■ **Exercise details**: All entries are to be copied verbatim, while the pictures stay out.

*** Material to process

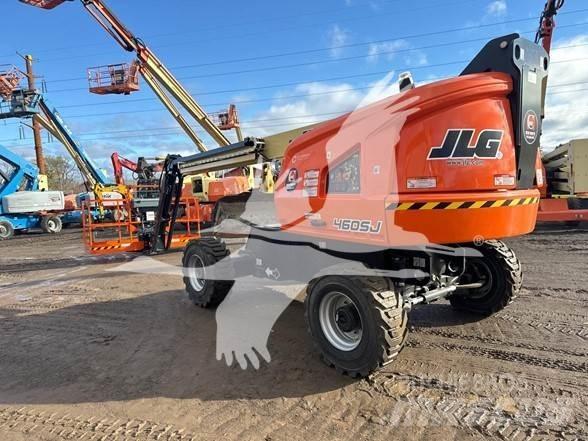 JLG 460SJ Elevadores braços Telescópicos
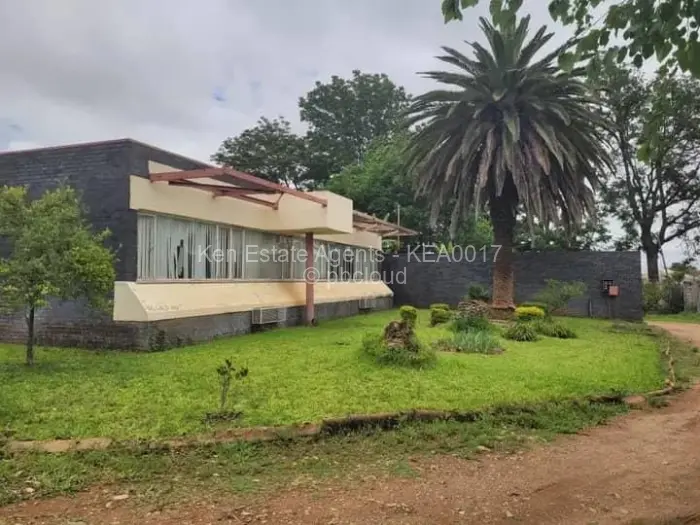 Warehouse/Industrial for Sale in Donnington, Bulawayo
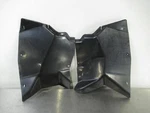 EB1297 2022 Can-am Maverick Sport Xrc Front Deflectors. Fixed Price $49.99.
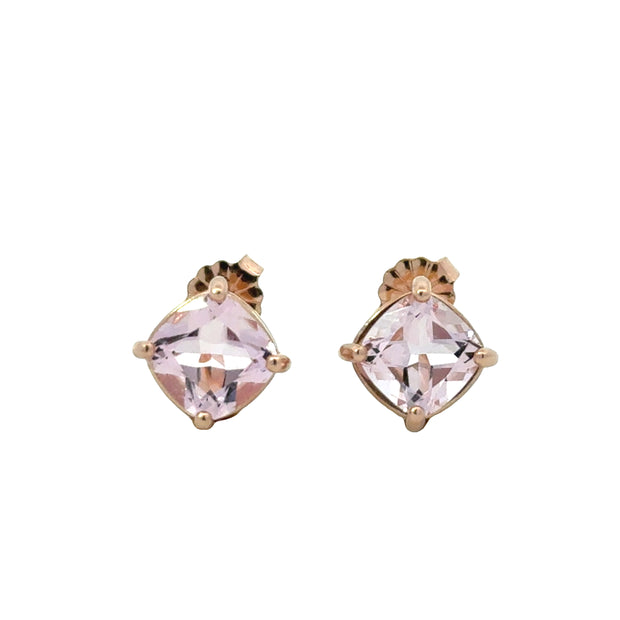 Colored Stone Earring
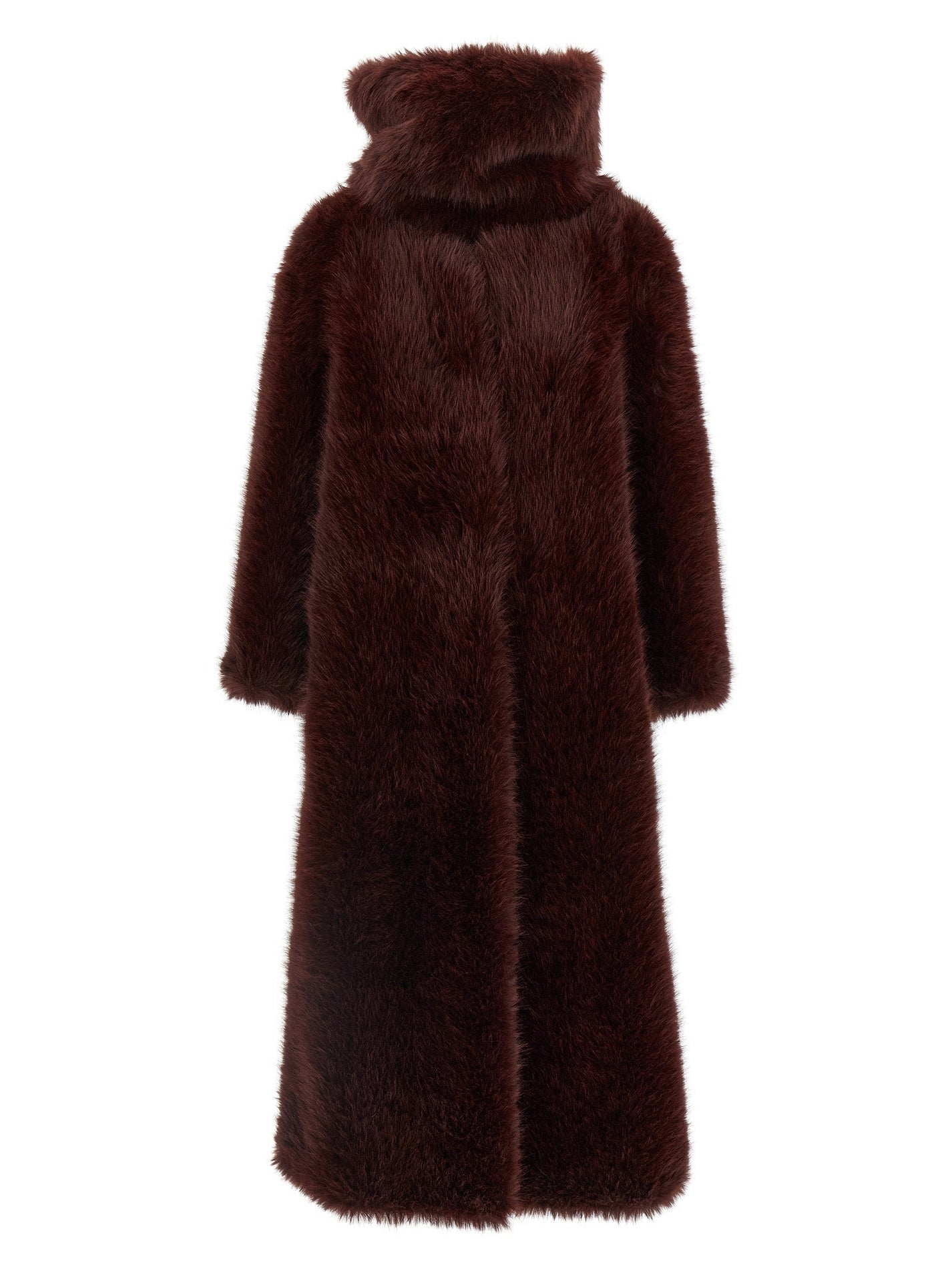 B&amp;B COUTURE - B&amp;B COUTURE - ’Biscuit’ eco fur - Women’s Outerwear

******

■ **Solution below**:
 JLG 460SJ Elevadores braços Telescópicos
 Warehouse/Industrial for Sale in Donnington, Bulawayo
 EB1297 2022 Can-am Maverick Sport Xrc Front Deflectors. Fixed Price $49.99.
 Colored Stone Earring
 B&amp;B COUTURE - B&amp;B COUTURE - ’Biscuit’ eco fur - Women’s Outerwear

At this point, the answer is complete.